— Task prompt —
Only the stretch below from the line holding "The BJP's youth icon’s at #Modi 3.0 🔥" through the line holding "The Who LIVE AT THE OVAL 1971 New Sealed CD" should be restated, word for word and with both ends included; pictures stay out.

— Exercise material —
_____
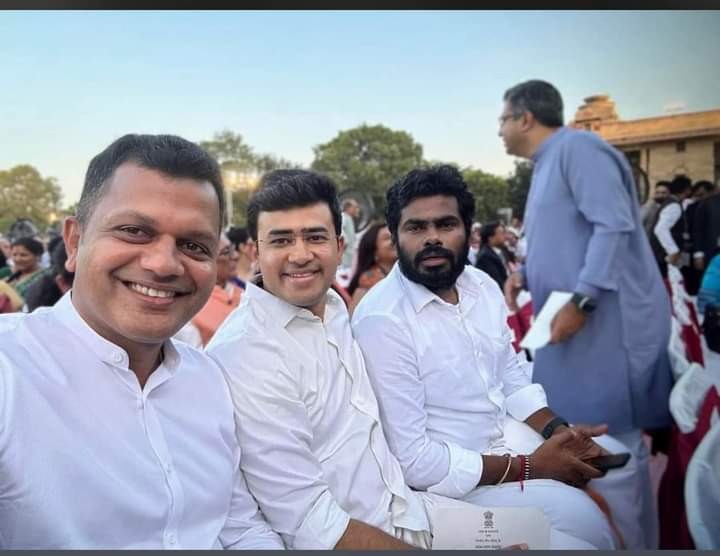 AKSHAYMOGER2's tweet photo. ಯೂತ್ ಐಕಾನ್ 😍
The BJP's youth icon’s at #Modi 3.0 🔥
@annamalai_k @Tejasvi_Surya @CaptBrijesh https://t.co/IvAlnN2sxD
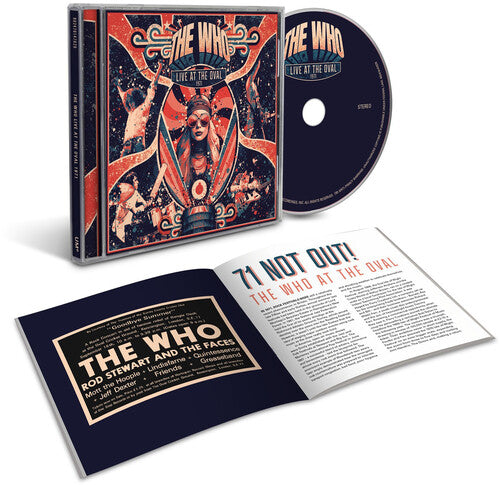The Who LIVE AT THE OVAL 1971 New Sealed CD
_____
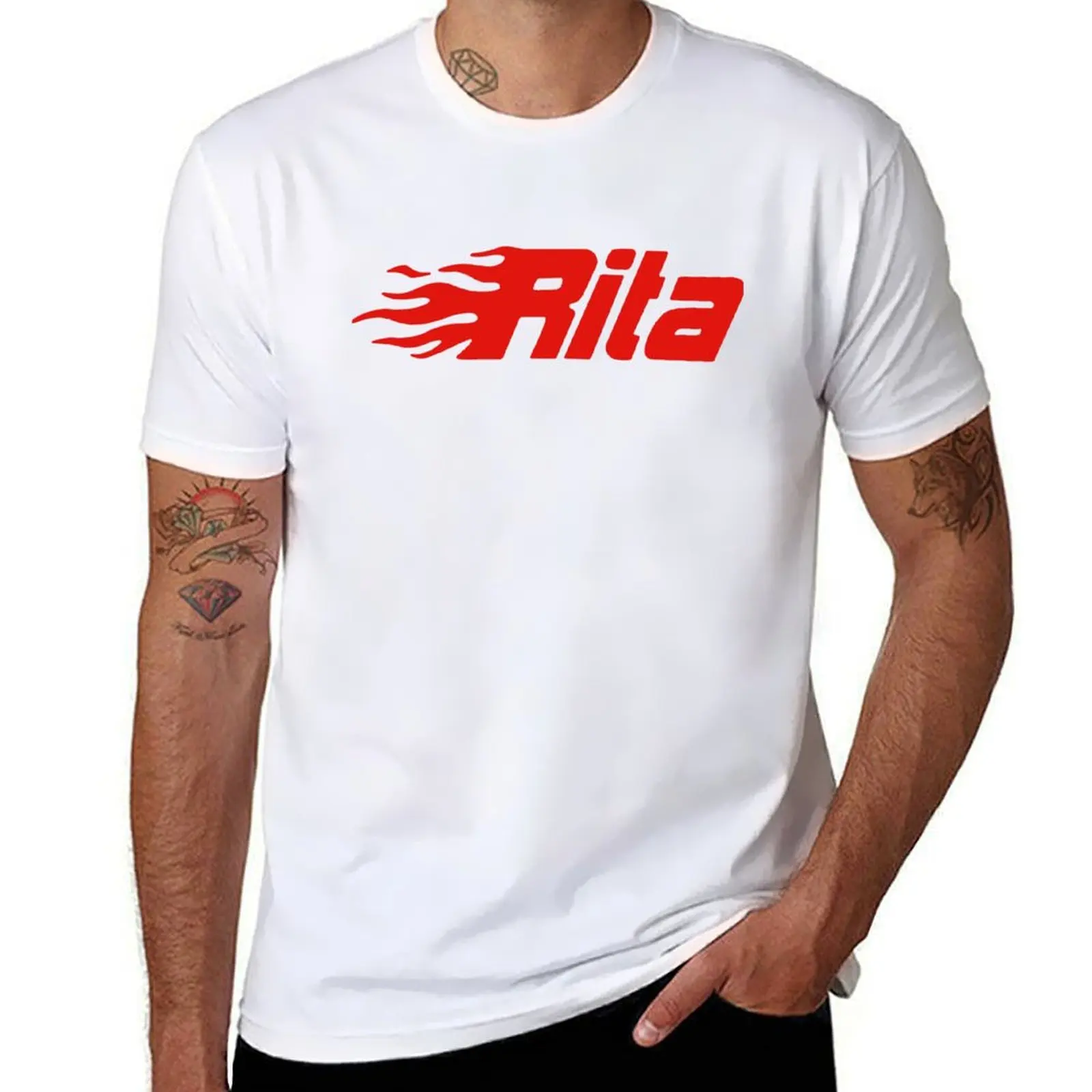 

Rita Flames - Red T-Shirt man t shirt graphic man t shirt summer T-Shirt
_____
— The completed task —
The BJP's youth icon’s at #Modi 3.0 🔥
@annamalai_k @Tejasvi_Surya @CaptBrijesh https://t.co/IvAlnN2sxD
The Who LIVE AT THE OVAL 1971 New Sealed CD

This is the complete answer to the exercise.